If you have student loans and are having trouble making the monthly payments, you may be eligible for Federal student loan consolidation. First and foremost though, you should try and get a deferment. This option is often available for Federal Perkins Loans, subsidized FFEL Stafford Loans, and subsidized Direct Stafford Loans. Under a deferment, the borrower doesn't have to pay any principal or interest during the deferment period. Other loans such as unsubsidized Direct Stafford Loans, unsubsidized FFEL Stafford Loans, and Direct PLUS Loans, the borrower doesn't have to pay any money toward the principal, but he/she is still responsible for paying the interest on the loan that accumulates during the deferment period. Two options for this are available: paying the interest each month, or capitalizing the amount to when the deferment ends, thus increasing the total loan balance.

If this option is not available to you, then you should definitely consider student loan consolidation. Basically, a new loan can be issued which pays off all of your existing school loans, resulting in just one monthly payment, usually at a lower amount than the combined total of the payments you have been making before.

The benefit to this approach is that it can allow someone with a lower income to still meet the obligations of the student loan, preserving their credit, while at the same time lowering the monthly payments to enable the borrower to have more money each month. Also, the interest rate on the new loan can sometimes be lower than the interest rates on the original loans, saving the student money. Or, if the interest rates on the original Federal education loans are variable, consolidating offers the chance to lock in a fixed interest rate, saving the borrower lots of money if general interest rates go up in the future.

There are several disadvantages to Federal student loan consolidation though. For one thing, consolidation can raise the total amount owed to the loan issuer. If the time period in which the loan is repaid is greater than the period at which the original loans would have been fully paid off, more interest will be charged to the borrower during the additional years tacked on to the end of the loan, given an equal interest rate.
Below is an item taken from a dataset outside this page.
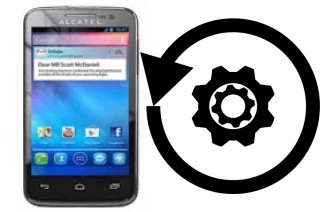 Cómo hacer reset o resetear un alcatel One Touch M'Pop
It also could force someone to repay the loan at a higher interest rate than he/she would have been paying on a variable rate. If the borrower consolidates variable rate loans into a fixed rate, and then interest rates go through a long downward trend, he/she wouldn't be able to take advantage of those low rates, due to being locked into a fixed rate. Thus, refinancing in to a fixed rate is a gamble that can work for or against the borrower.

So, there are many advantages and disadvantages to Federal student loan consolidation, which can lead to saving money or paying additional funds. A borrower should look at all the facts to determine if this option is the right one for his/her situation.